Humanities                         Allegory Oral Presentations                        P. Lee-Muratori

                                Common Core Standards for Assignment:

CC.11-12.R.L.1  Cite strong and thorough textual evidence to support analysis of what the text says explicitly as well as inferences drawn from the text, including determining where the text leaves matters uncertain.

CC.11-12.R.L.4  Determine the meaning of words and phrases as they are used in the text, including figurative and connotative meanings; analyze the impact of specific word choices on meaning and tone, including words with multiple meanings or language that is particularly fresh, engaging, or beautiful.

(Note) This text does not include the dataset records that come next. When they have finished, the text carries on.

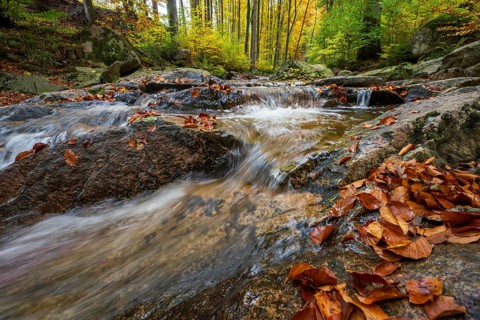 The river Ilse in the Harz National Park flows over rocks in autumn forest, Ilsetal, Harz National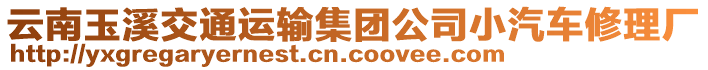 云南玉溪交通運輸集團公司小汽車修理廠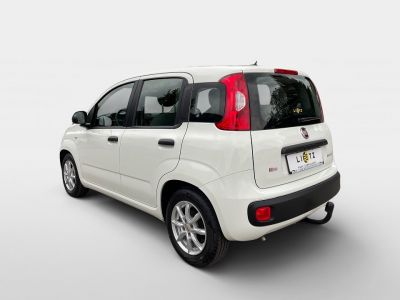 Fiat Panda Gebrauchtwagen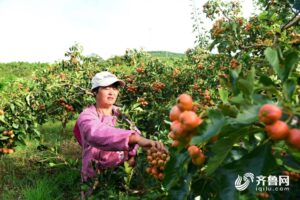 “小红灯笼”高高挂！枣庄山亭3000余亩山楂迎收获-爱山亭网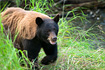 An adult black bear with unique cinnamon coloring takes a stroll down the side of a stream looking for fish to eat.  Taken 8/10/2007.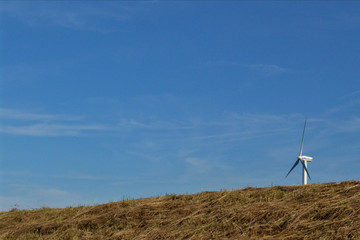 Fototapeta na wymiar windmill zaandam netherlands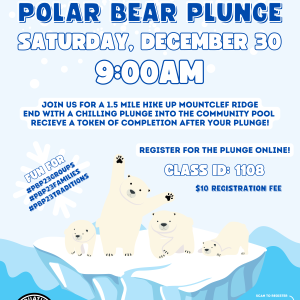 Flyer for Polar Bear Plunge event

CC.11-12.R.L.5  Analyze how an author’s choices concerning how to structure specific parts of a text (e.g., the choice of where to begin or end a story, the choice to provide a comedic or tragic resolution) contribute to its overall structure and meaning as well as its aesthetic impact.

CC.11-12.SL.1.a  Come to discussions prepared, having read and researched material under study; explicitly draw on that preparation by referring to evidence from texts and other research on the topic or issue to stimulate a thoughtful, well-reasoned exchange of ideas.

CC.11-12.SL.1.d  Respond thoughtfully to diverse perspectives; synthesize comments, claims, and evidence made on all sides of an issue; resolve contradictions when possible; and determine what additional information or research is required to deepen the investigation or complete the task.

Directions:  You are to research South African History via history/contemporary issues class notes, films, television documentaries, appropriate scholarly websites, novels (ie. Heart of Darkness, Things Fall Apart) and/or newspaper/magazine articles.   Then read Disgrace through the lens of this history.  Coetzee has created an allegory about the historical roots of his homeland.  Pick a character from the novel, close read the text for clues, and determine and demonstrate to the class how your character fits into Coetzee’s allegory.

                                                     Oral Presentation Rubric:

___  10 Points                Ability to engage the audience as is demonstrated by eye contact with audience, class participation, and poised/grounded body language.

                                       No major distractions of “um’s,” “uh’s,” or “like, ya’know’s.”

___  20 Points                Student presents a clear and logical interpretation of the symbolism of their character in relation to the allegory as a whole.

      Quotes are neatly and accurately listed on a handout for easy access for peers and teacher.

___ 40  Points                Context is explained before the quote is analyzed ("Context"=Who said it?  About when in the novel? What action just occurred?)

       Quotes are used effectively to back up the student’s interpretation.  By “effectively” I mean carefully parsed to prove your  thesis.   

____20 Points                Conclusion should demonstrate the student’s understanding of the nuances among history, politics, conflicts, social environment, and the novel, etc.  

       In other words the “Big Picture” is clearly demonstrated.

___ 10 Points                 Student is articulate, engaging, and audible.